#HPC SCRIPTS
Install within your favourite e.g. conda environment.
git clone https://github.com/stephenlenzi/hpc_scripts.git
cd hpc_scripts
pip install -e .
Using the following function will write an array job file (batch script) and will also create a file called commands.txt with a list of all the commands that will be run when the array script is launched.
- Don't edit this file while the job is running.
- Existing output directories are skipped by default.

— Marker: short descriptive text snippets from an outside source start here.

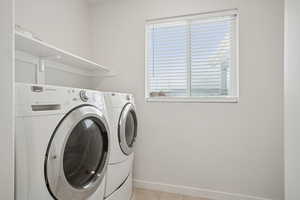 Laundry room featuring light tile patterned flooring and washing machine and clothes dryer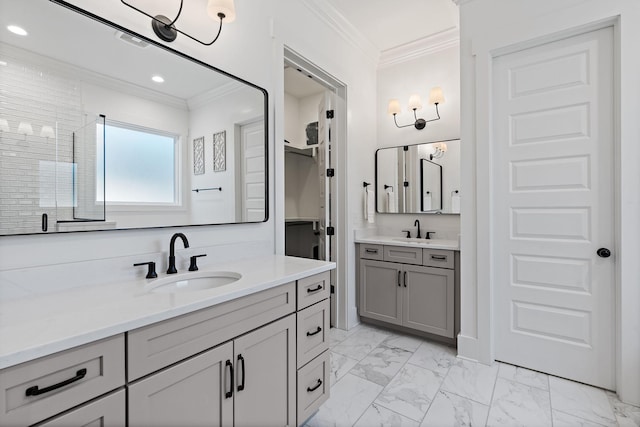 bathroom with vanity and crown molding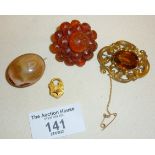 Antique jewellery, yellow metal brooches, amber cluster brooch and a tiny gilt padlock engraved with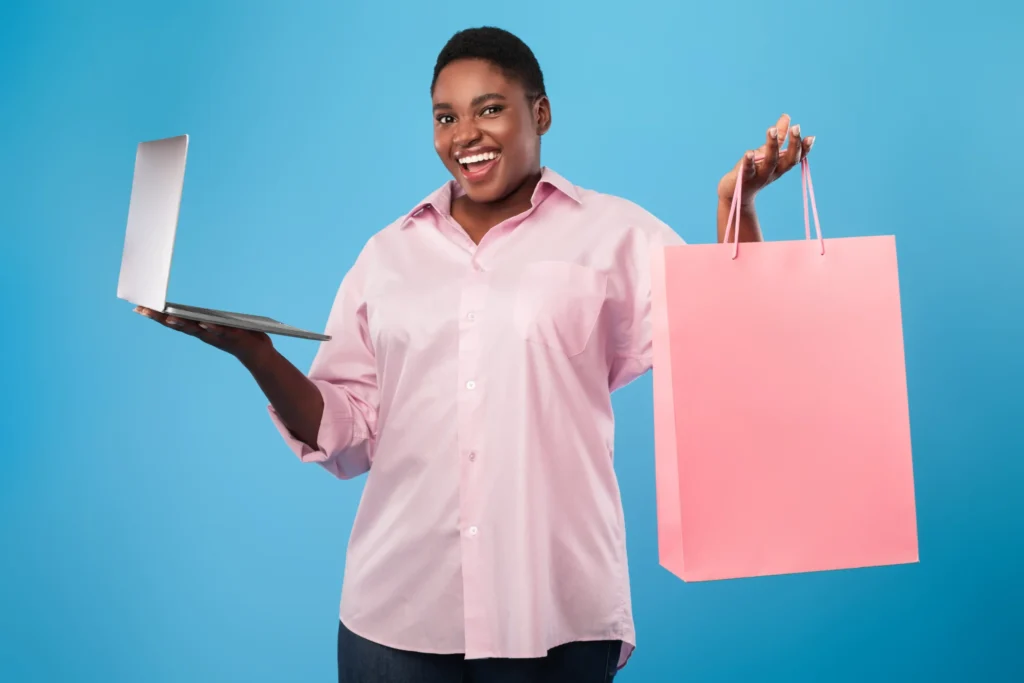 Smiling woman holding a laptop and a pink shopping bag representing online shopping success with an ecommerce branding agency.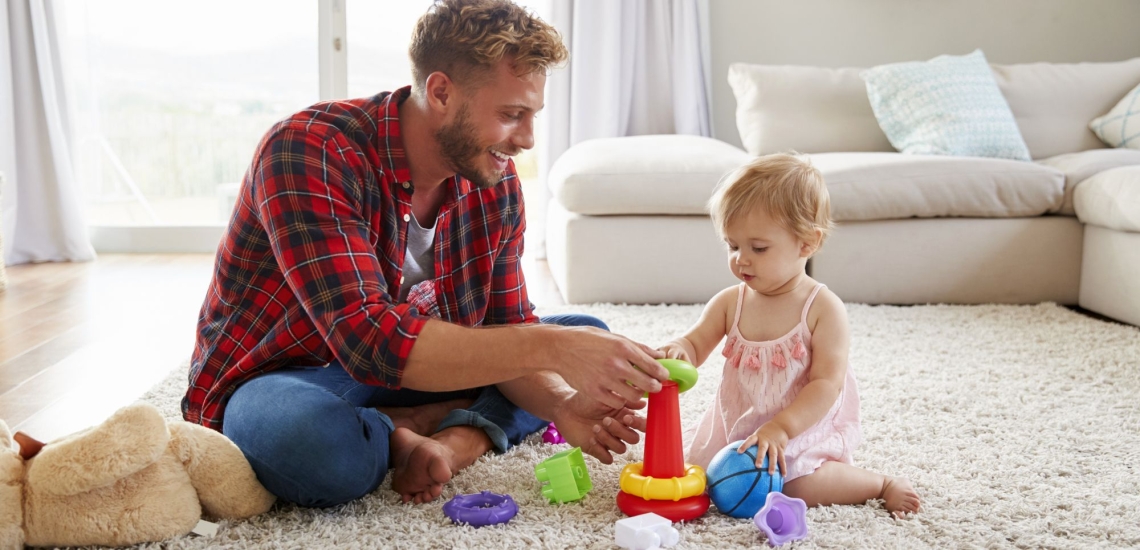 Vater spielt mit kleiner Tochter im Wohnzimmer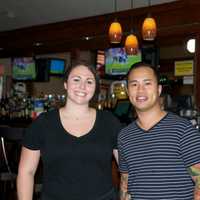 <p>Handshakes&#x27; Brooke Formica with Faul Su, whose family owns and runs Handshakes Bar &amp; Grill.</p>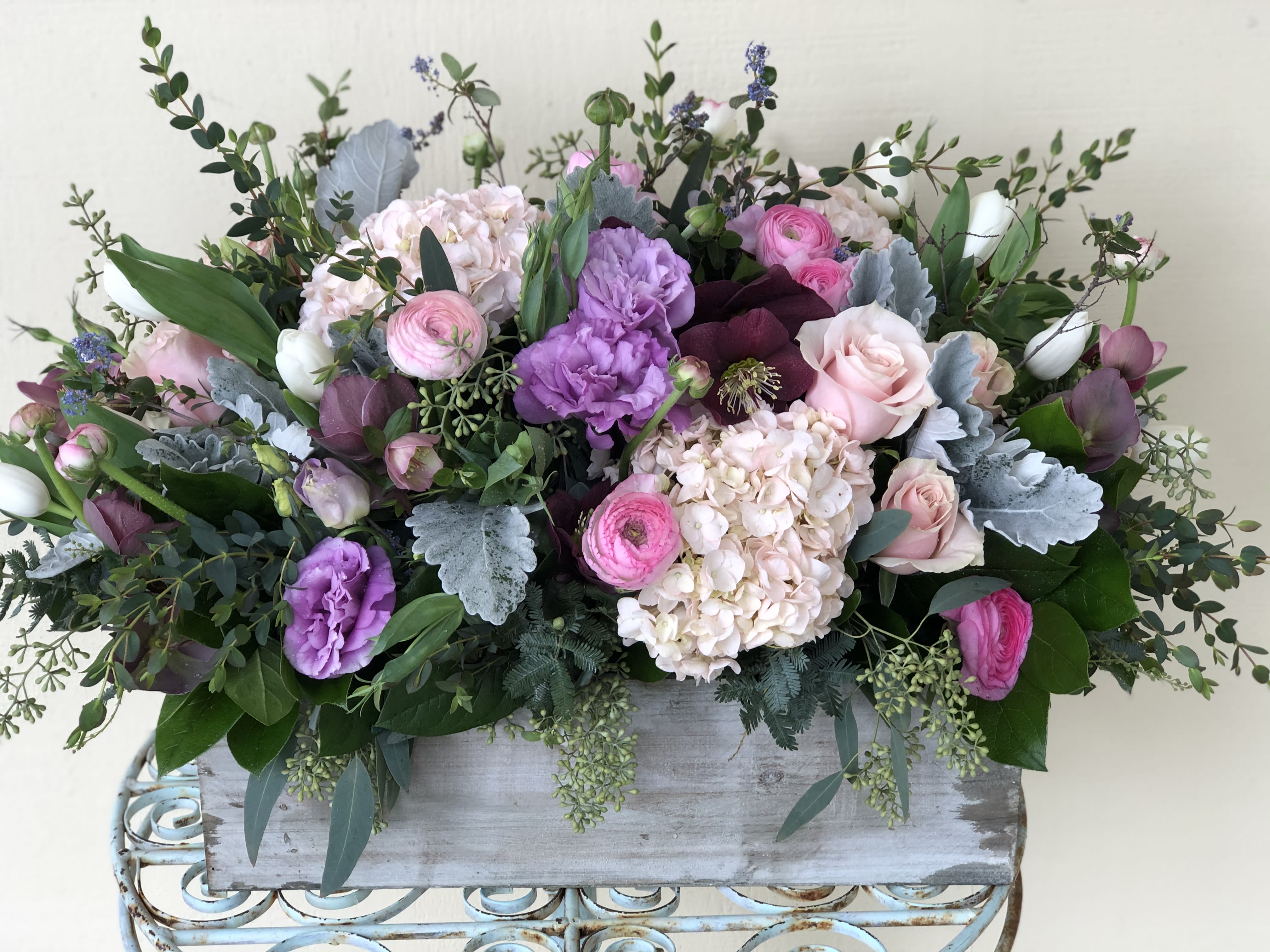 Low pastel arrangement of pink and purple flowers in a rustic rectangular wooden box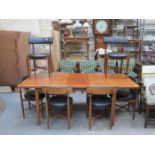 MCINTOSH 1970s STYLE TEAK EXTENDING TABLE WITH EIGHT CHAIRS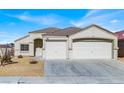 Two-car garage and front yard view of a single-story house at 1006 Christopher View Ave, North Las Vegas, NV 89032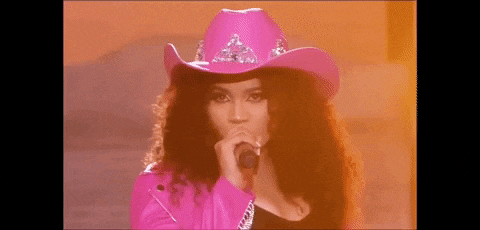 the woman is wearing a pink cowboy hat and holding a microphone .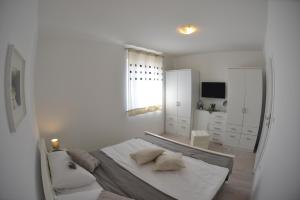 a white bedroom with a bed and a mirror at Apartment Lavanda Ruzmarin in Njivice +85 photos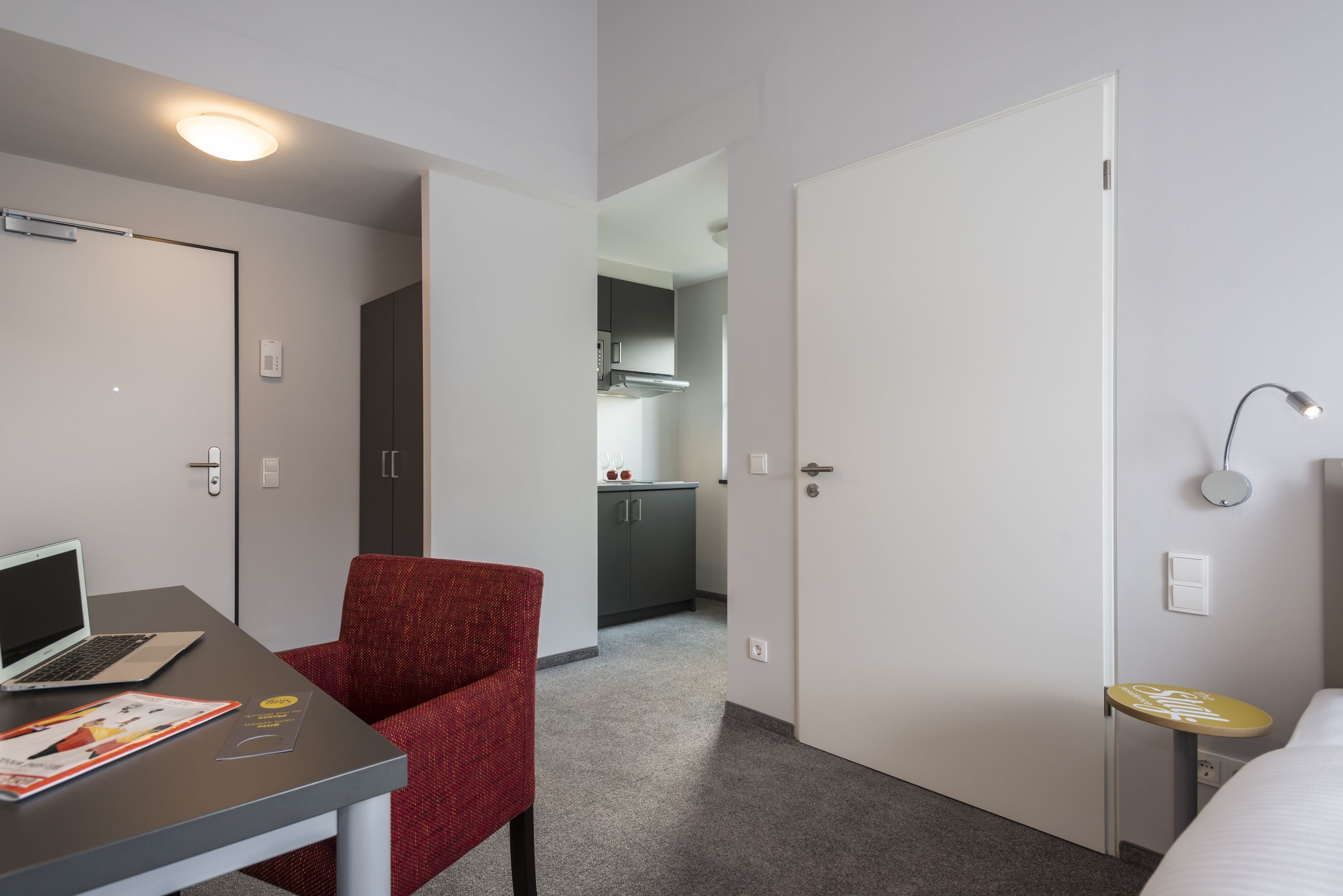 Quarto de hotel com escrivaninha, cadeira, cama e uma mesinha com abajur.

- Rawdata directory is assumed to be in NIU neuroblueprint format: https://neuroblueprint.neuroinformatics.dev/latest/specification.html
Ideally:
- Rawdata folder contains a folder for each mouse
- Derivatives data is the same folder hierarchy as the rawdata folder but with /rawdata/ replaced by /derivatives/.
- Whole brain images can be kept in a different location to the "rawdata" and this should work as long as the mouse folder names match.

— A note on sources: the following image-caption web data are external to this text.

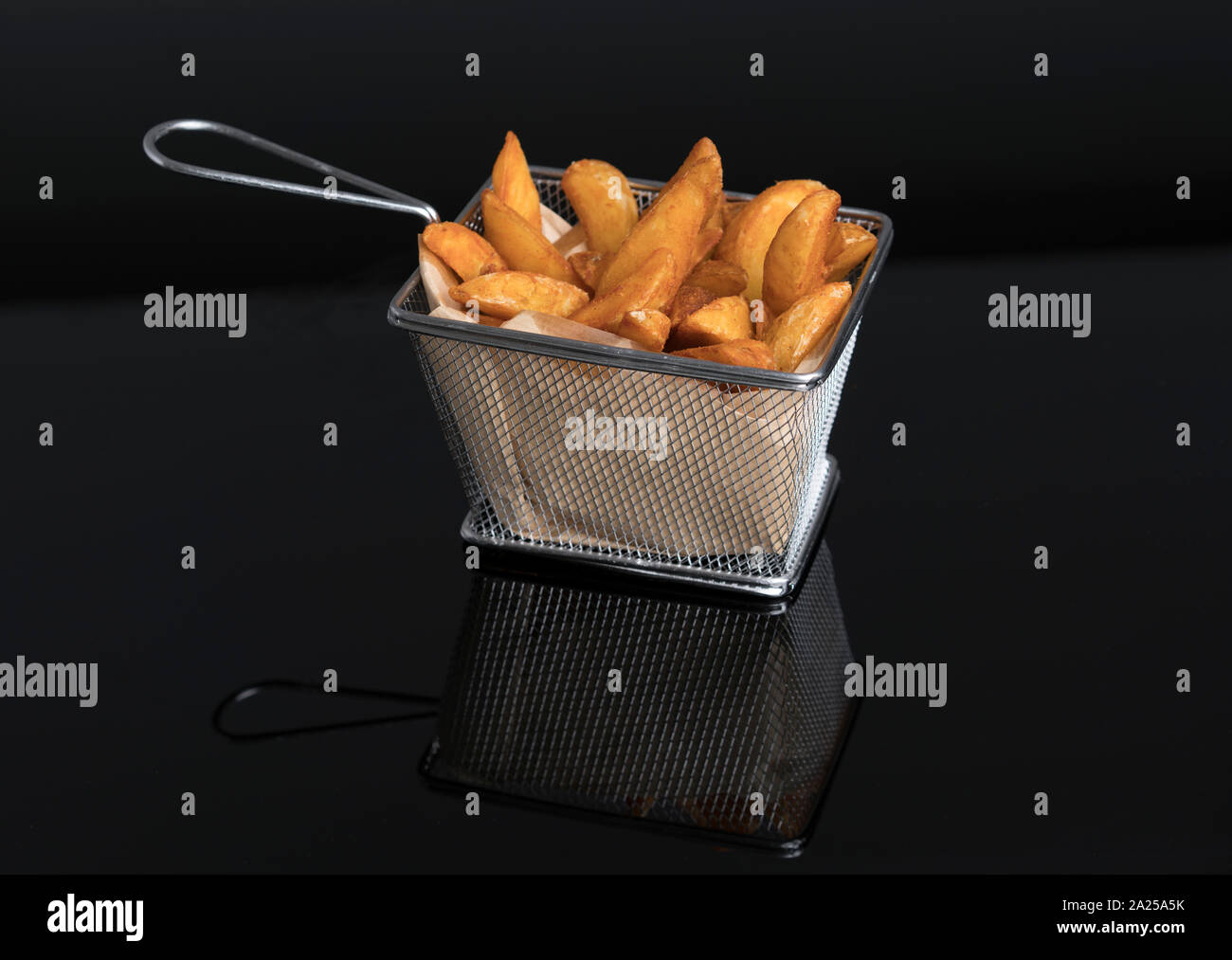Patatas fritas en metacrilato negro en la canasta metálica vista superior Foto de stock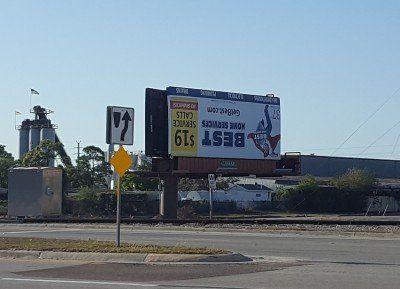 A billboard on the side of a road that says best home services for $ 19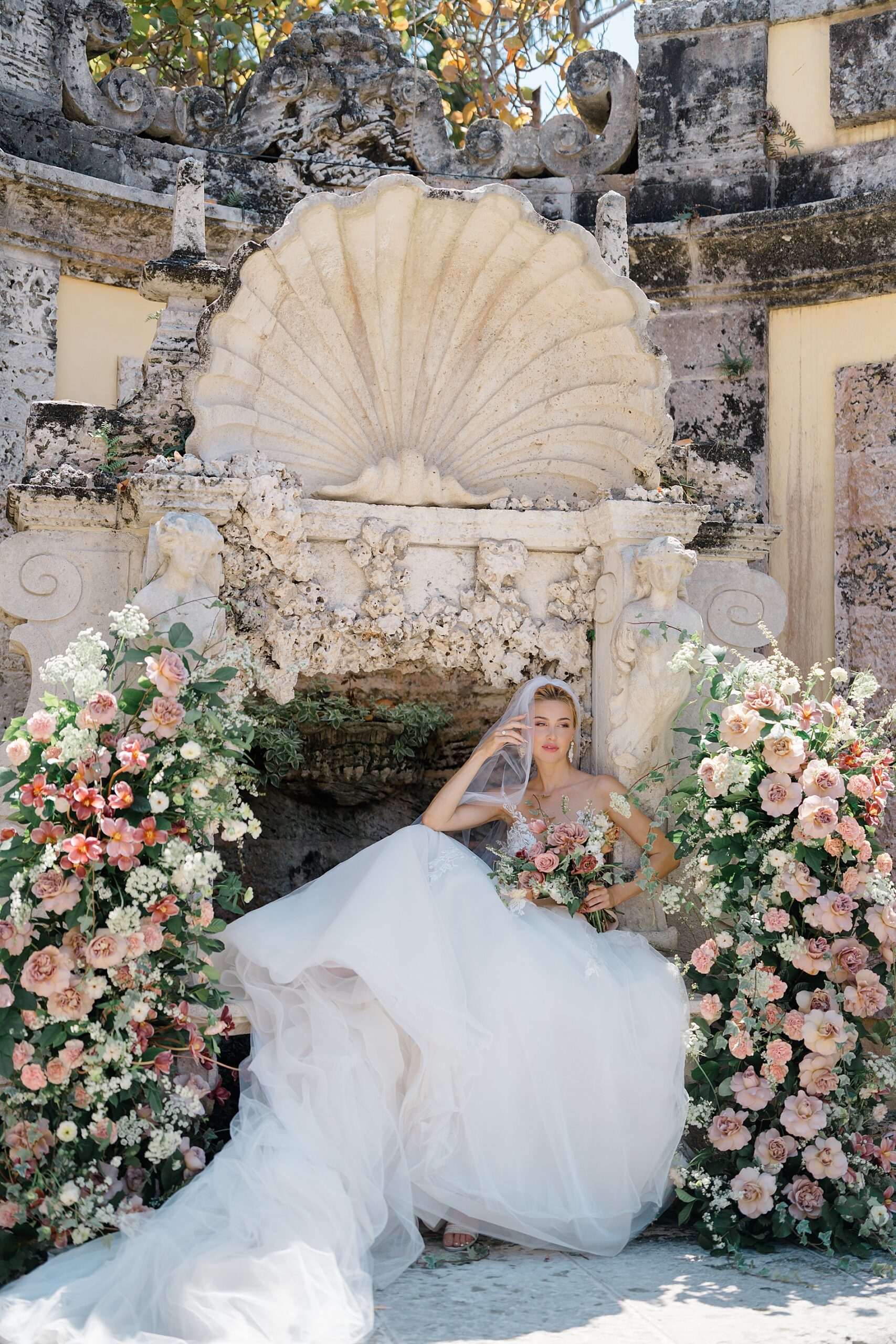 bride sits in courtyard surrounded by flowers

Go to hpc_scripts/slurm_config and set the parameters according to your need. Make sure to edit the email to be your email
slurm_params = {
"time_limit": "3-0:0", # 3 days, 0 hours, 0 minutes
"n_jobs": 10,
"n_jobs_at_a_time": 4,
"user_email": "",
"memory_limit": 60,
}
Look in hpc_scripts/brainglobe_array_job_constructor.py and edit the arguments in the main() function. Also the paths to the data should be changed to yours.
CRITICAL: This must be run from somewhere with a direct ceph mount (i.e. path should look like /ceph/lab/user/data), and wont work on e.g. windows with ceph mount. If you want to run locally use the GUI (see below).
def main():
atlas = "allen_mouse_10um"
overwrite_existing=False
rawdata_directory = Path("/path/to/rawdata/")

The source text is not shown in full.